Pétrole : pas de consensus à l'Opep+, nouvelle réunion lundi !

Les Emirats arabes unis bloquent la signature d'un accord, réclamant de pouvoir relever davantage leur niveau de production, ce que refusent l'Arabie saoudite et la Russie. Les discussions se poursuivront lundi.

Pétrole : pas de consensus à l'Opep+, nouvelle réunion lundi !
Crédit photo © Reuters

(Boursier.com) — Les 23 pays producteurs de pétrole membres de l'Opep+ se sont séparés vendredi sans annoncer d'accord sur leurs futurs quotas de production, en raison de l'opposition des Emirats arabes unis. Dans un communiqué publié vendredi soir, l'Opep a annoncé brièvement que la réunion "a été ajournée pour aujourd'hui et reprendra le lundi 5 juillet à partir de 15h00", heure française. La réunion avait déjà été reportée jeudi de 24 heures en raison des divergences apparues entre Abou Dabi et le reste du groupe, mené par l'Arabie saoudite et la Russie.

Peu avant l'annonce d'un nouveau report, une source de l'Opep+ avait indiqué à l'agence 'Reuters' que l'alliance de 23 pays producteurs avait convenu d'augmenter immédiatement l'offre de pétrole sur le marché et de prolonger la durée de son pacte sur les réductions de production, tout en ajoutant que les Emirats arabes unis s'opposaient toujours au nouvel accord.

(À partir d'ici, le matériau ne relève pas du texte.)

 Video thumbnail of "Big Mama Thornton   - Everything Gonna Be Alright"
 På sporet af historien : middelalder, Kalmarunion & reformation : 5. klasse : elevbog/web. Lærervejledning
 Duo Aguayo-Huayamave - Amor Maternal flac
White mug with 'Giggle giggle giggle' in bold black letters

Or, tous les accords de l'Opep+ doivent être approuvés à l'unanimité.

Une hausse de 2 millions de barils par jour envisagée d'ici à la fin 2021

Le nouveau projet prévoit d'augmenter la production globale de l'alliance de 2 millions de barils par jour (bpj) d'ici la fin de l'année (ce qui correspondrait à une hausse mensuelle de 400.000 bj à partir d'août) et de prolonger le reste des mesures d'encadrement de l'offre jusqu'en décembre 2022, soit huit mois de plus que prévu.

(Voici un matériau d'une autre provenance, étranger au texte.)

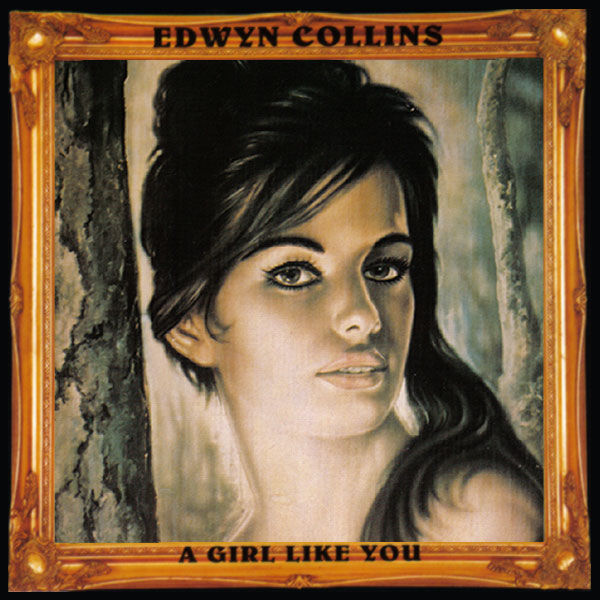 [Edwyn Collins] A Girl Like You - EP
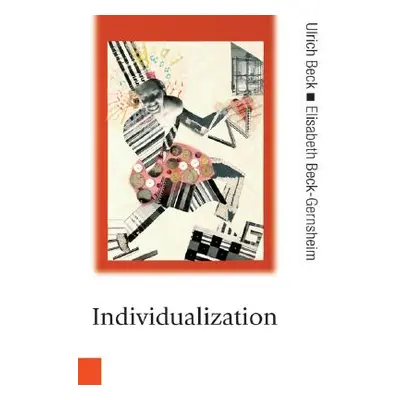 "Individualization: Institutionalized Individualism and Its Social and Political Consequences" -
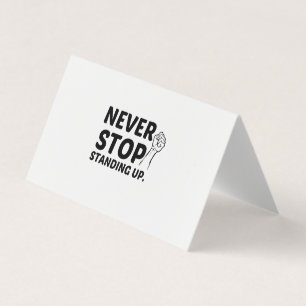NEVER STOP STANDING UP BUSINESS CARD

Les Emirats arabes unis ont cependant estimé que cette prolongation devait être subordonnée à un relèvement de leur niveau de référence, c'est-à-dire le niveau de production par rapport auquel les réductions sont calculées, a précisé la source citée par 'Reuters'. Un relèvement de la base actuelle (la production d'octobre 2018) aboutirait concrètement à permettre à Abou Dabi de produire davantage, tout en respectant les coupes sur le papier. Un aménagement que l'Arabie saoudite, mais aussi la Russie, refuseraient de cautionner.

Face à ces incertitudes, les cours du pétrole ont fini vendredi en ordre dispersé. Le baril de WTI a cédé 0,1% à 75,16$ sur le Nymex pour le contrat à terme d'août, alors que le baril de Brent de la mer du Nord (contrat de septembre) a progressé de 0,4% à 76,17$.

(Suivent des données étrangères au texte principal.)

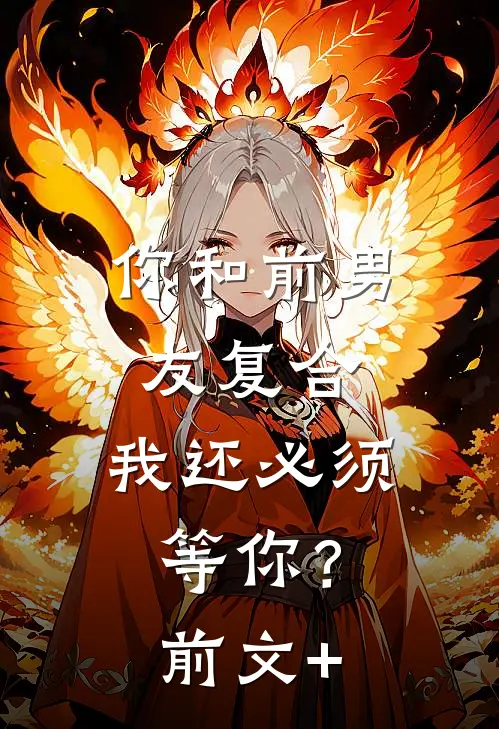 你和前男友复合，我还必须等你？前文+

Les deux variétés de pétrole sont au plus haut depuis octobre 2018, et ont encore gagné respectivement 1,5% et 1,1% cette semaine, portant leur hausse à 54% et 46% depuis le début de l'année. Les cours sont soutenus par la perspective d'une reprise de la demande de brut à mesure que l'économie mondiale se remet de la crise sanitaire.